* What you need to do: Restate the following data in its entirety, word for word and without images.

* Exercise data:
/---

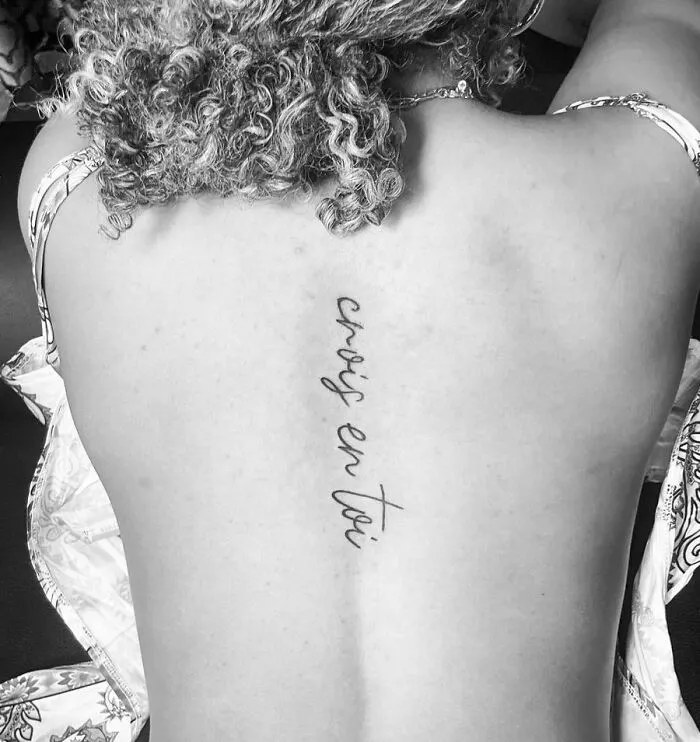 Curly-haired person with a beautiful spine tattoo reading "crois en toi" in elegant script.
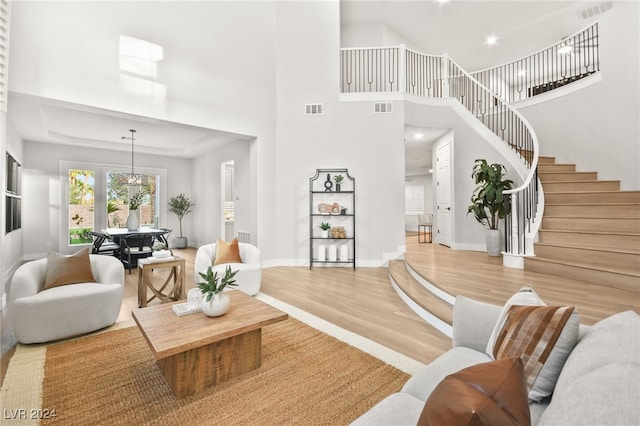 living room with a chandelier, a high ceiling, and light hardwood / wood-style flooring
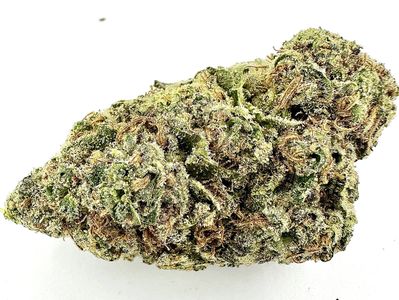 Close-up of a dense cannabis bud with green and orange hues.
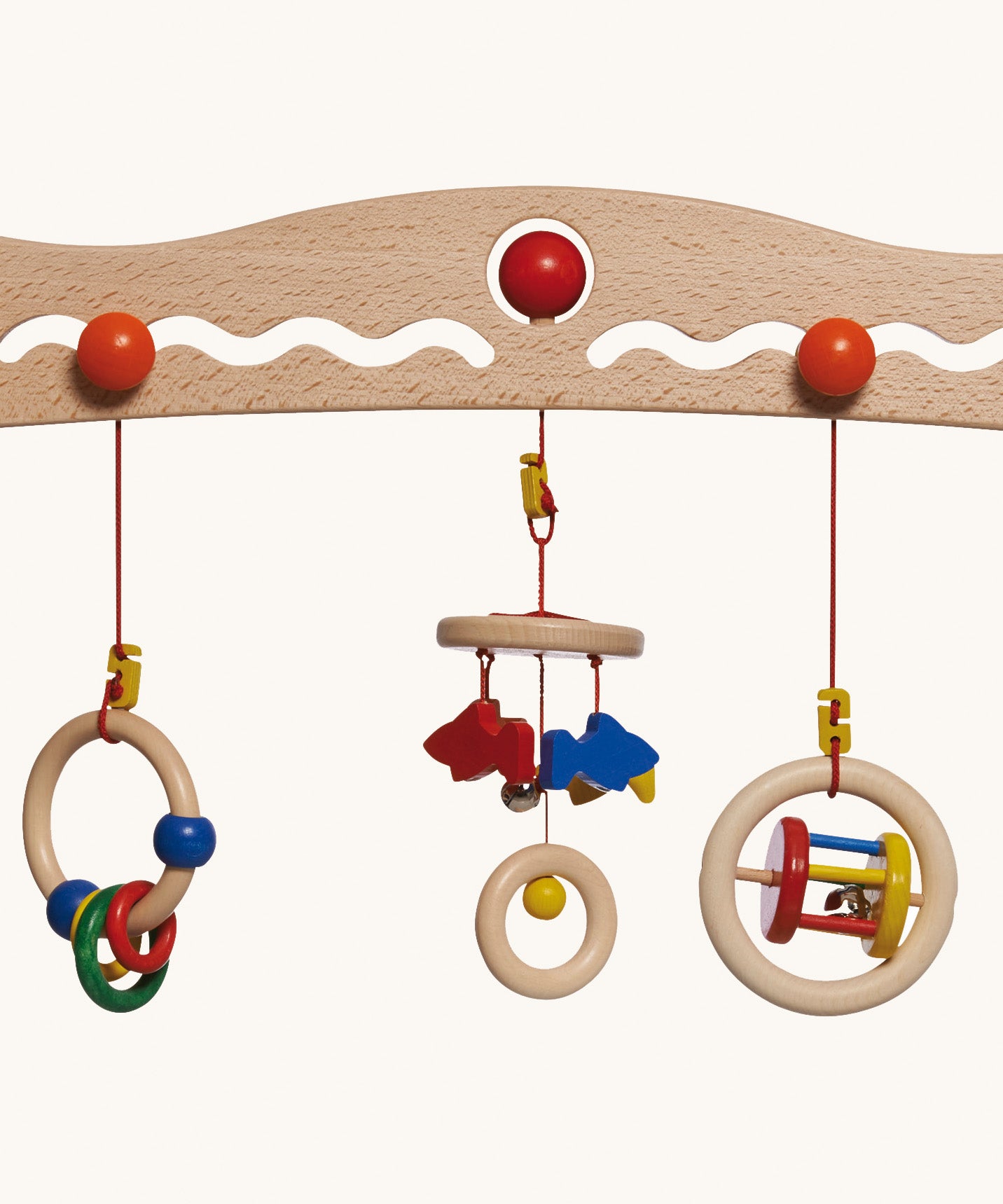A close up of the 3 grasping toys attached the the Nic Toys wooden baby trainer. Graspers are a mix of rattles and  can be swapped over or taken off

\---

* Exercise output:
 Curly-haired person with a beautiful spine tattoo reading "crois en toi" in elegant script.
 living room with a chandelier, a high ceiling, and light hardwood / wood-style flooring
 Close-up of a dense cannabis bud with green and orange hues.
A close up of the 3 grasping toys attached the the Nic Toys wooden baby trainer. Graspers are a mix of rattles and  can be swapped over or taken off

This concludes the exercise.